またこのネタか、と思う方もいらっしゃるのだろうが、もしかしたら歴史の転換点になるかもしれないこの瞬間に、そのことを書かなくてどうする・・・と自分に言い訳している。
そう、日経平均が、週明け早々の2021年2月15日、月曜日、遂に30,000円台を取り戻した。
出来事としては31年6か月ぶり。物心はとっくについていた時代のこととはいえ、自分自身が投資をできるようになったときには、そんな時代は遥か昔。
ITバブルがはじけ、取り戻しかけた頃にリーマンショックに襲われ、さらに東日本大震災が直撃・・・と、長らく低空飛行を続ける株価表示を眺めていた頃は、まさか生きている間に再びこの大台を超える光景を目にすることになるとは、夢にも思わなかった。
そして今日、再び驚かされたのは、株価刺激材料だった決算発表ラッシュが一段落息つき、30000円の心理的な節目を挟んでしばらく拮抗状態が続くのでは・・・?と思われていた矢先の再びの「急騰」である。
一時記録した最高値は30,714円52銭。最後の30分くらいで何とか正気を取り戻した感じはあったものの、それでも終値は前日比383円60銭高の30,467円75銭。

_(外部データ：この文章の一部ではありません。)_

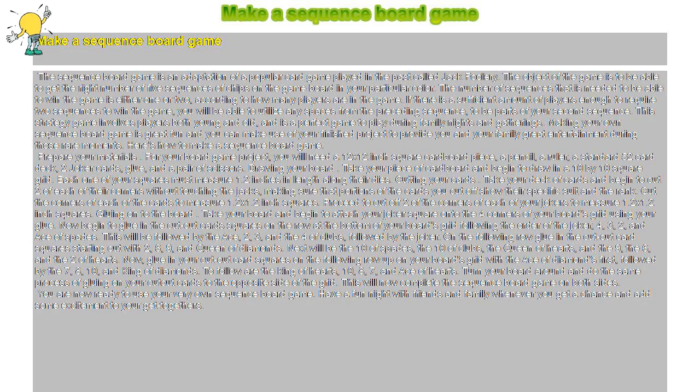The object of the game is to be able to get the right number of five sequences of chips on the game board in your particular color.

ここ一週間くらいは、一日の値幅が30,000円を挟んで30,221円77銭~29,515円76銭、と比較的大きかった「1990年8月3日」のレンジの中で株価が推移していたのだが*1、とうとうそれも突き抜け、時代は
1990年8月2日
へと1日遡った。
イラクが国境を超えてクウェートに侵攻し、今は亡きサダム・フセインが、世界の寵児となった日。その後の日本の政治社会にも大きなインパクトを与えた「湾岸戦争」始まりの日でもある。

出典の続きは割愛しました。